Еще одна разновидность нападения предполагает совершение окольных маневров с целью добиться уважения в местной иерархии. Как уже говорилось, одной из составляющих визуальной демонстрации принадлежности к группе является ношение дорогой и модной в конкретном месте одежды. Тот, кто слишком беден, чтобы позволить себе такие вещи, будет не только ощущать себя человеком, лишенным уважения, но и будет подвергнут соответствующему отношению со стороны равного по статусу непосредственного окружения, которое станет насмехаться над таким человеком из‑за недорогой одежды. В то же время лица, которые носят престижную одежду или спортивную обувь, но ситуационно находятся в слабом положении, поскольку не принадлежат к уличной культуре и ее конгломератам уличных банд, оказываются главной мишенью: эту одежду могут украсть, либо ее обладателя запугивают, заставляя ее отдать (с формулировкой «дай поносить»). Здесь перед нами разворачиваются описанные Гоффманом закулисные действия по сбору всего того, что позволит совершить самопрезентацию на авансцене, – и это также порождает некий ограниченный объем насилия.

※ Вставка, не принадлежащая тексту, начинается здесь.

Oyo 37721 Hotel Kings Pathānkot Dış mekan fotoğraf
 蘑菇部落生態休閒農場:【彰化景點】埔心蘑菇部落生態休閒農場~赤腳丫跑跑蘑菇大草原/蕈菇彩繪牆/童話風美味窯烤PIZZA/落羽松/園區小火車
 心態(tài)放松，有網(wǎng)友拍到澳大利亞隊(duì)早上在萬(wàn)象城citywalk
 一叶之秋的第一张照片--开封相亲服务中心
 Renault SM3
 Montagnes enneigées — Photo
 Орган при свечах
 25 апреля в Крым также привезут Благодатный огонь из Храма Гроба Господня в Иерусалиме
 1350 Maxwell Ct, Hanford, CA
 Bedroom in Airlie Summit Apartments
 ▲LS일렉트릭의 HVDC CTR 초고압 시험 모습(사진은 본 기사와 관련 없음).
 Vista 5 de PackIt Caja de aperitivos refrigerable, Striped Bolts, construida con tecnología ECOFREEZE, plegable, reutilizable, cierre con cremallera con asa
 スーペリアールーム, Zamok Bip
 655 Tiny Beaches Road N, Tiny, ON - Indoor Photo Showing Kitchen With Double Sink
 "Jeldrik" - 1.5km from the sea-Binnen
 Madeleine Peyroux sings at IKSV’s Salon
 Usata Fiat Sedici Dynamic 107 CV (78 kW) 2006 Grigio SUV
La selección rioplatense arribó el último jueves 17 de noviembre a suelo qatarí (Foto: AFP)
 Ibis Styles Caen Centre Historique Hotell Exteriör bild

Выше были перечислены разновидности поединков, подразумевающих усилия по сохранению членства в группе, которые позволяют быть ее частью наравне с другими. Но кое-кто ставит перед собой более серьезные задачи, стремясь не просто остаться при своих, а еще и доминировать над другими и получить признание в качестве одной из доминантных личностей, одного из настоящих крутых парней. Причины, по которым тот или иной человек выбирает данный путь, могут иметь в большей степени внезапный, нежели предустановленный характер, возникая из цепочки выгодных возможностей, которые открываются в этом направлении. Тот, кто добивается успеха в ситуационном запугивании других при помощи слов и жестов, а также во время от времени случающихся драках, рано или поздно почувствует стремление достичь большего на этом пути. С точки зрения теории ритуала взаимодействия такие лица полагают, что именно в этих ситуациях они получают наибольшую отдачу в части эмоциональной энергии, поэтому своеобразный эмоциональный магнетизм притягивает их к инцидентам, где их эмоциональная энергия продолжает расти. Одним из последствий подобных действий может оказаться сжигание мостов, соединяющих таких людей с «пристойным» миром: все начинается с ситуационной самозащиты посредством исполнения уличного кодекса, но затем она может трансформироваться в более глубокую личную приверженность этой манере поведения. Поскольку эти люди добиваются выдающихся успехов во взаимодействиях с другими при помощи разыгрывания уличного кодекса, они не просто «выходят на улицу», а ощущают, что они и есть улица – их устремление заключается в том, чтобы любая ситуация была уличной, потому что именно здесь они находятся на высоте.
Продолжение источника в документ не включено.